The court’s decision, written by Justice Brett Kavanaugh, upheld the MRT, but did so without reaching the constitutional question of whether unrealized gains counted as income for the purposes of the 16th Amendment. Instead, the justices ruled that the gains taxed by the MRT were income for the foreign corporation because they were just income that remained undistributed to shareholders.
“So the precise and narrow question that the Court addresses today is whether Congress may attribute an entity’s realized and undistributed income to the entity’s shareholders or partners, and then tax the shareholders or partners on their portions of that income. This Court’s longstanding precedents, reflected in and reinforced by Congress’s longstanding practice, establish that the answer is yes,” the decision read.
Justices Ketanji Brown Jackson and Amy Coney Barrett each wrote their own concurring opinion, with Justice Samuel Alito joining Barrett’s concurrence.
Justices Clarence Thomas and Neil Gorsuch dissented. In an opinion written by Thomas, the justices said that unrealized investment gains should not count as income.
“Because the Moores never actually received any of their investment gains, those unrealized gains could not be taxed as ‘income’ under the Sixteenth Amendment,” Thomas wrote.
The question of what counted as income, and to who, was a key point that arose during arguments where Justice Brett Kavanaugh pointed out that the court didn’t need to adopt any new test or make any real constitutional claim.
“Leaving open whether realization was a constitutional requirement, there was realized income here to the entity and then it’s attributed to the shareholders in a manner consistent with how Congress has done that and this court has allowed?” Kavanaugh asked Solicitor General Elizabeth Prelogar, who was arguing on behalf of the government.
“That’s correct,” Prelogar replied. “We think that here the constitutional question is actually quite easy, and it doesn’t require the court to consider some of the foundational questions about the meaning of the 16th Amendment.”
That’s what the court did by sidestepping the constitutional issue. That constitutional issue, however, remains an open question that a future court could decide if Congress were to ever enact a wealth tax.
“Nothing in this opinion should be read to authorize any hypothetical congressional effort to tax both an entity and its shareholders or partners on the same undistributed income realized by the entity. Nor does this decision attempt to resolve the parties’ disagreement over whether realization is a constitutional requirement for an income tax,” Kavanaugh wrote in the decision.
Such a wealth tax was a barely concealed focus of the case before the court.

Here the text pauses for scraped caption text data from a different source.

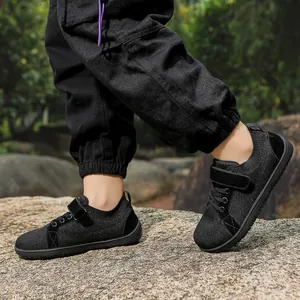 Kids barefoot sneakers showing wide toe box and breathable mesh on a rock outdoor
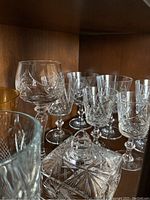 Photo showing assorted crystal stemware and a square lidded dish with cut patterns on a wooden shelf.
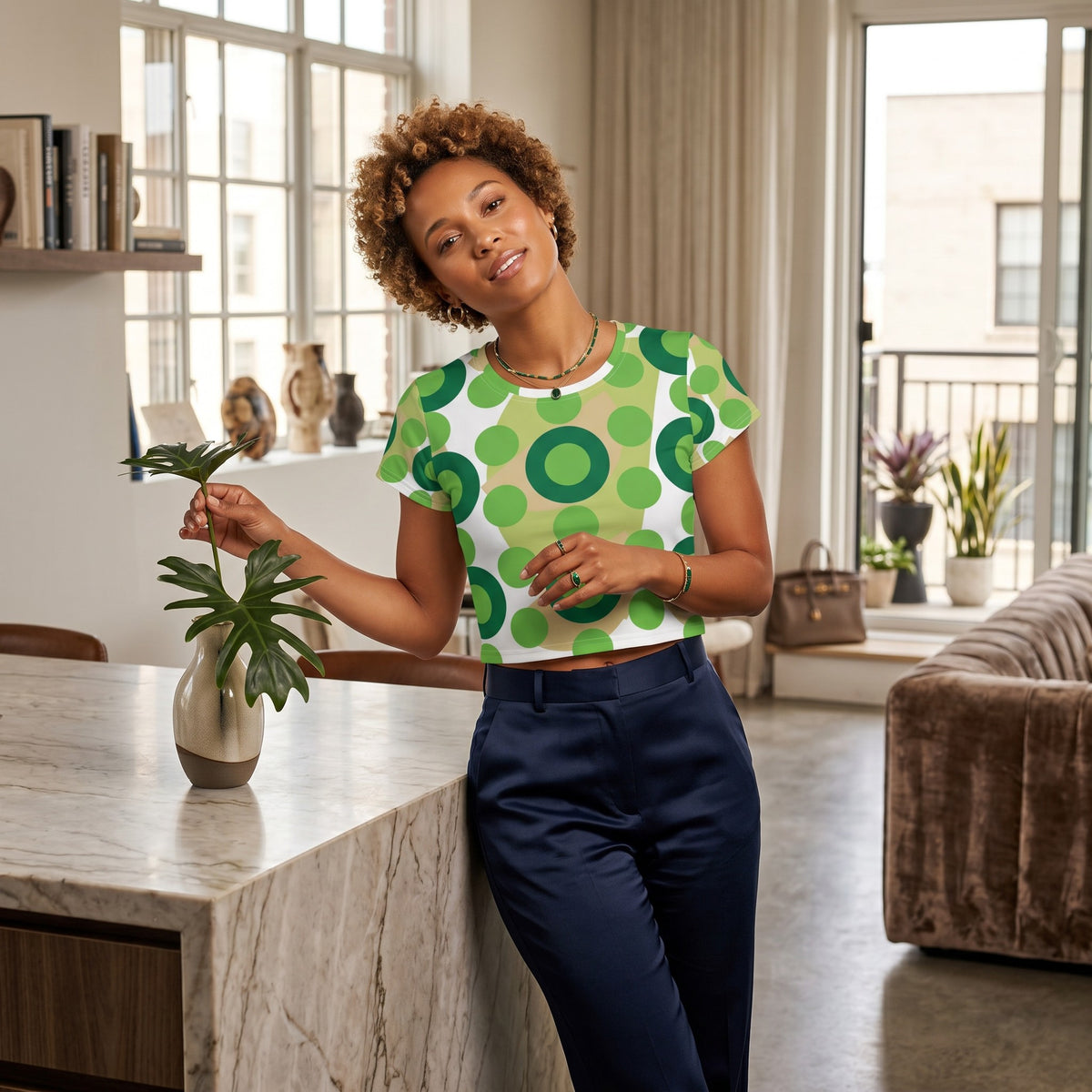 Good Wishes 365 kelly green retro mod polka dot crop tee worn by a woman in a bright, modern living room.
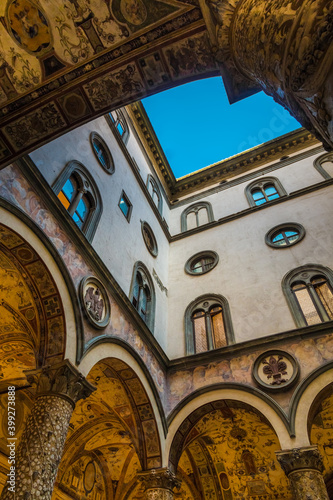Lovely low-angle view of the charming inner courtyard in the Palazzo Vecchio, Florence. The columns are covered in gilt and stucco while the cross vault ceiling was embellished by Marco da Faenza. photo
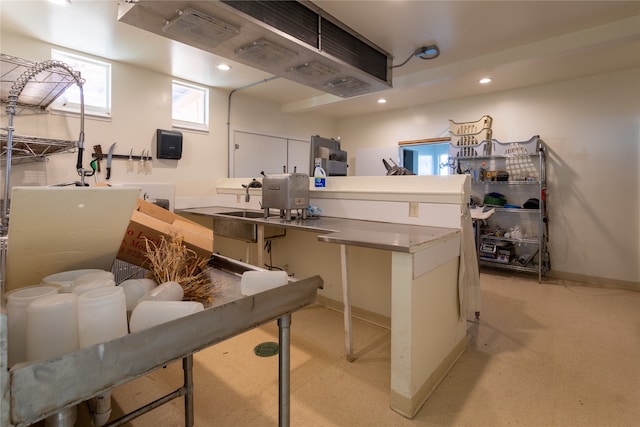 kitchen featuring white cabinets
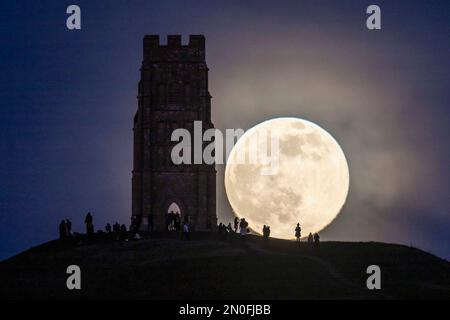 Glastonbury, Somerset, Großbritannien. 5. Februar 2023 Wetter in Großbritannien. Der Vollmond erhebt sich hinter dem St. Michael's Tower auf dem Glastonbury Tor in Somerset, während sich eine Menschenmenge auf dem Hügel versammelt, um zu beobachten. Bildnachweis: Graham Hunt/Alamy Live News Stockfoto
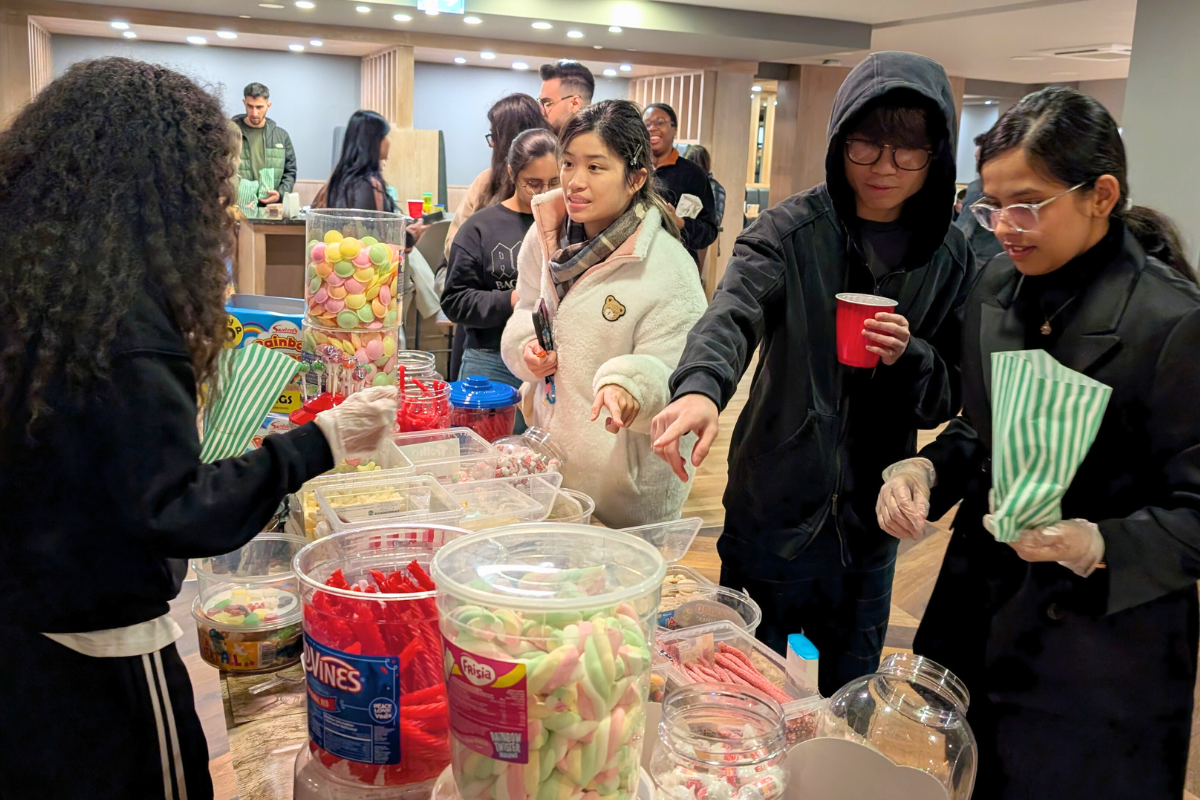 Students lining up to get sweets, some of the tenants are pointing at the sweets to let the CODE team know what they want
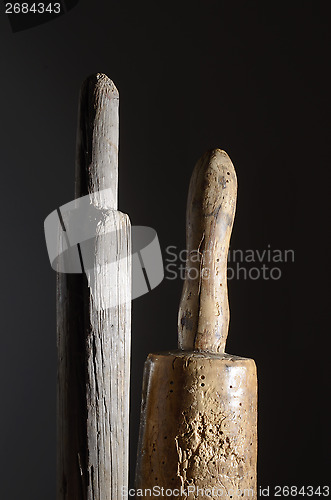 Image of two wooden phallic object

The plaintiffs received huge support from rich and powerful conservatives with the intent of using the case as a preemptive strike to take out a future wealth tax. The Moores’ lawyers, Andrew Grossman and David Rifkin Jr., made it plain in a 2021 Wall Street Journal op-ed by stating that “the couple’s constitutional challenge stands to slam shut the door on a federal wealth tax like the one Sen. Elizabeth Warren wants to enact.”
The case also featured a side-story related to recent questions about the court’s failure to abide by an ethics code. Congressional Democrats had pushed for Justice Samuel Alito to recuse from the case since he repeatedly sat for interviews with Rivkin for the Wall Street Journal’s Opinion page where the justice defended himself from criticism. Alito refused to recuse in a rare four-page letter released to the public.